Instructions for the task:
Every line from the one containing "女童连衣裙网红夏装2022新款时髦洋气绿色海边胖宽松儿童公主裙背" through the end of the listing below must be given again exactly, and nothing else; exclude pictures.

Provided material:
-- -- --

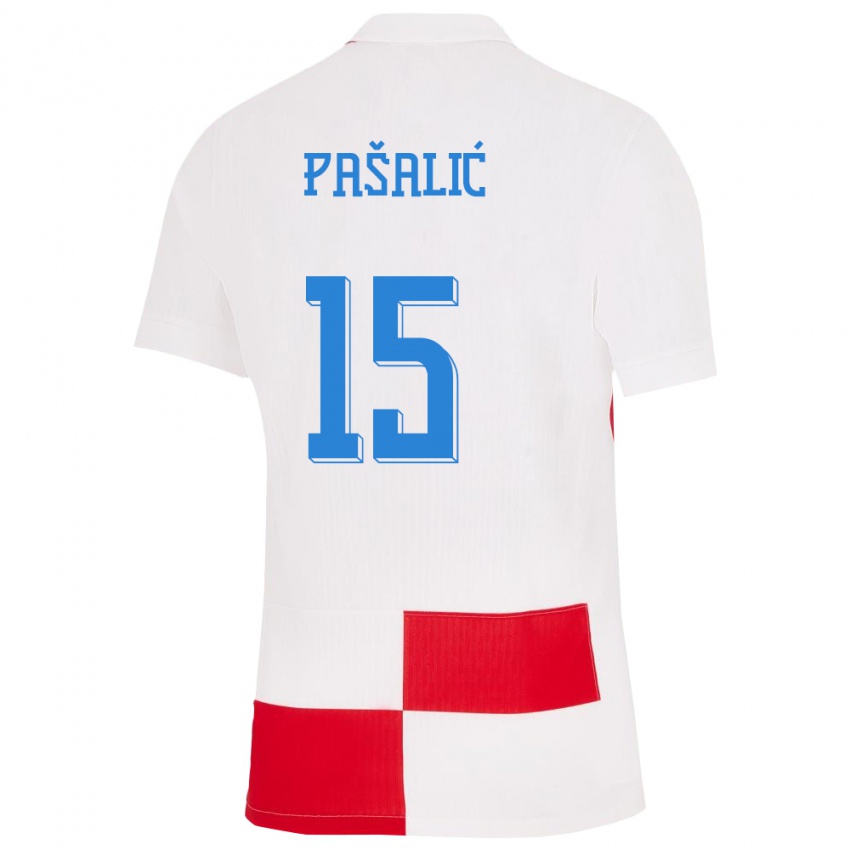 Femme Maillot Croatie Marco Pasalic #15 Blanc Rouge Tenues Domicile 24-26 T-Shirt Belgique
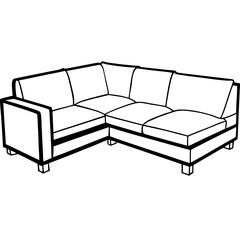 Corner Sectional Sofa Line Art Illustration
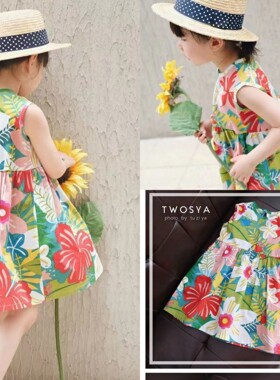 女童连衣裙网红夏装2022新款时髦洋气绿色海边胖宽松儿童公主裙背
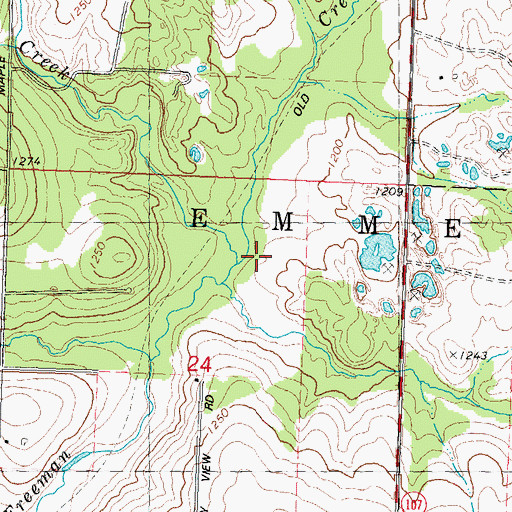 Topographic Map of Burns Creek, WI
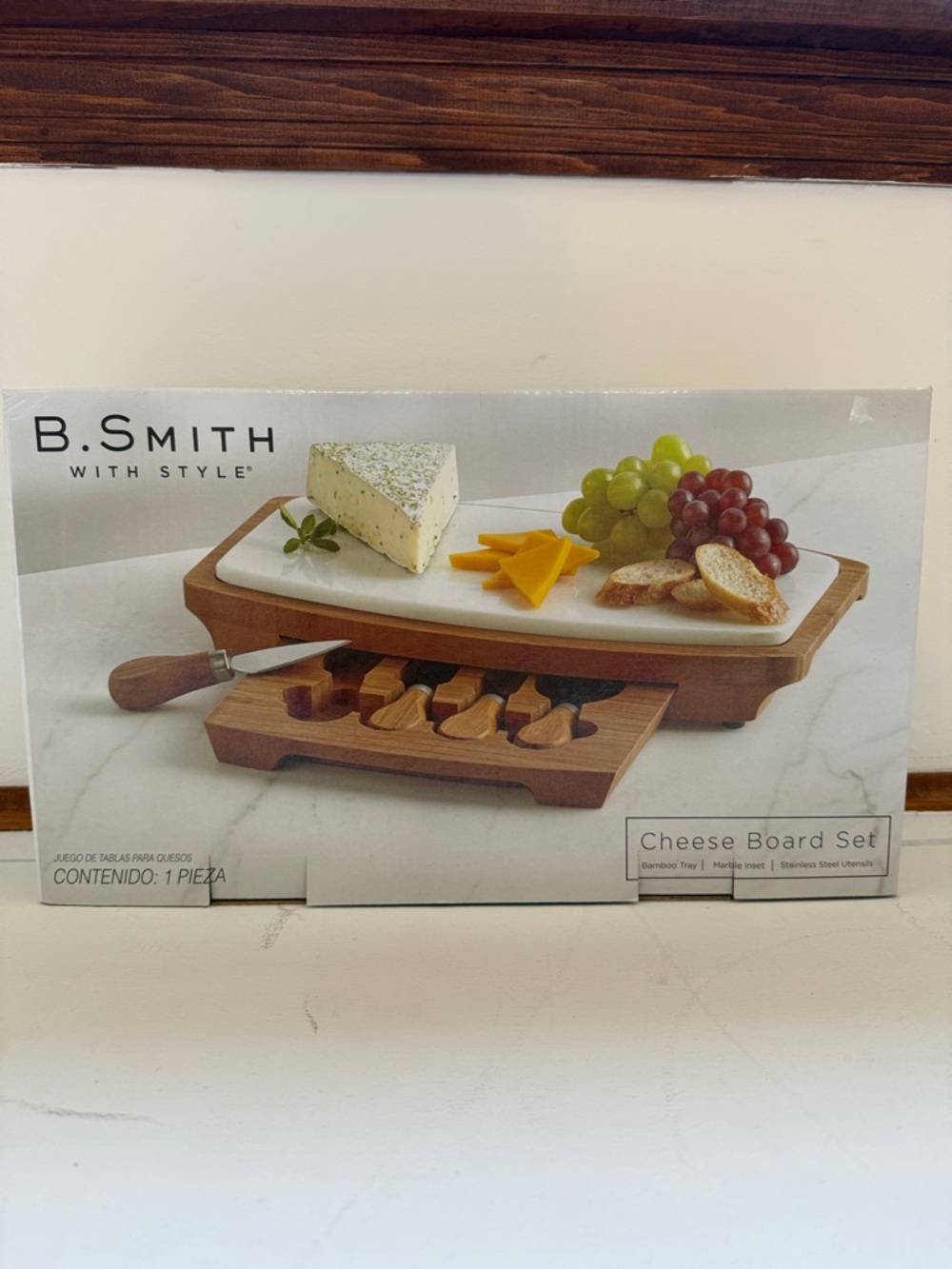 B SMITH Cheese Board with White Marble Top and Natural Bamboo with Utensils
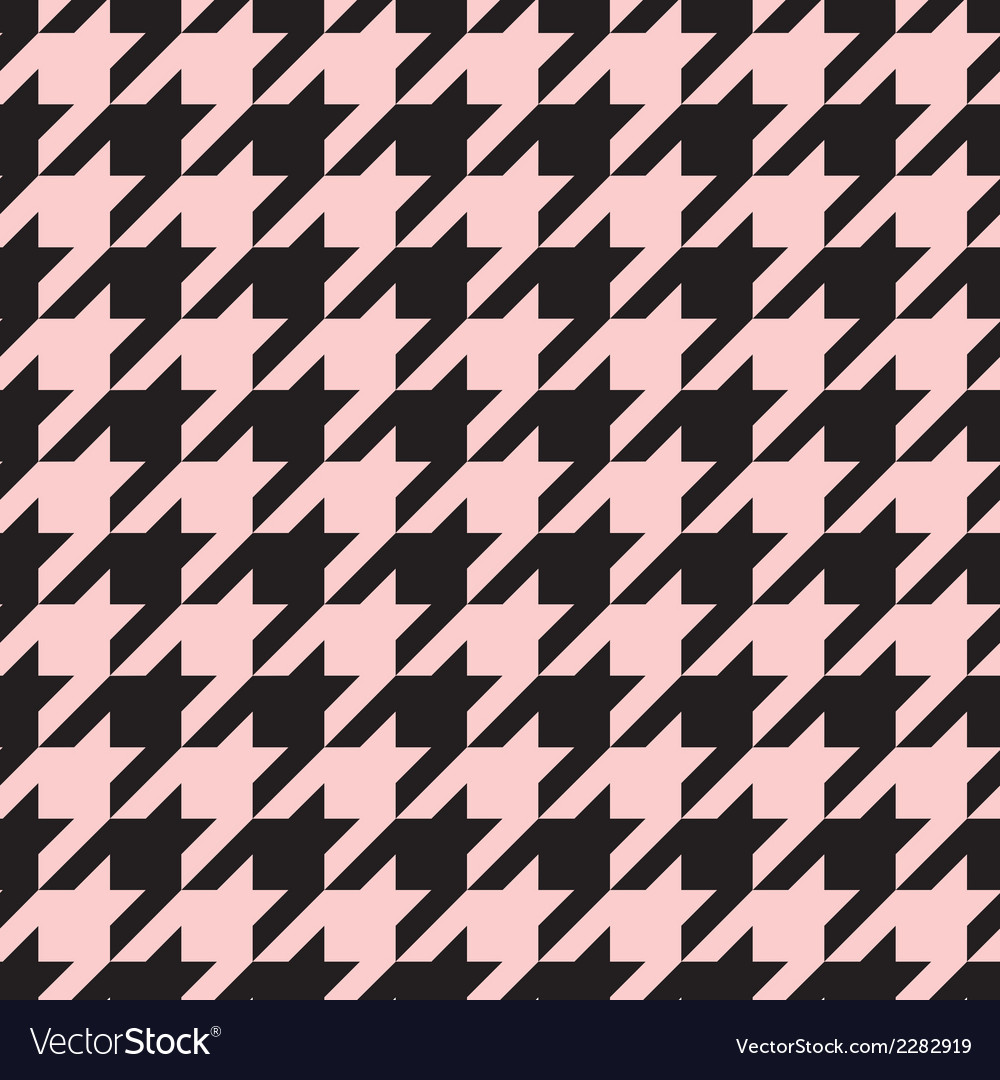 Houndstooth Tile Pastel Pink And Black Pattern Vector Image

-- -- --

Finished exercise:
 女童连衣裙网红夏装2022新款时髦洋气绿色海边胖宽松儿童公主裙背
 Topographic Map of Burns Creek, WI
 B SMITH Cheese Board with White Marble Top and Natural Bamboo with Utensils
 Houndstooth Tile Pastel Pink And Black Pattern Vector Image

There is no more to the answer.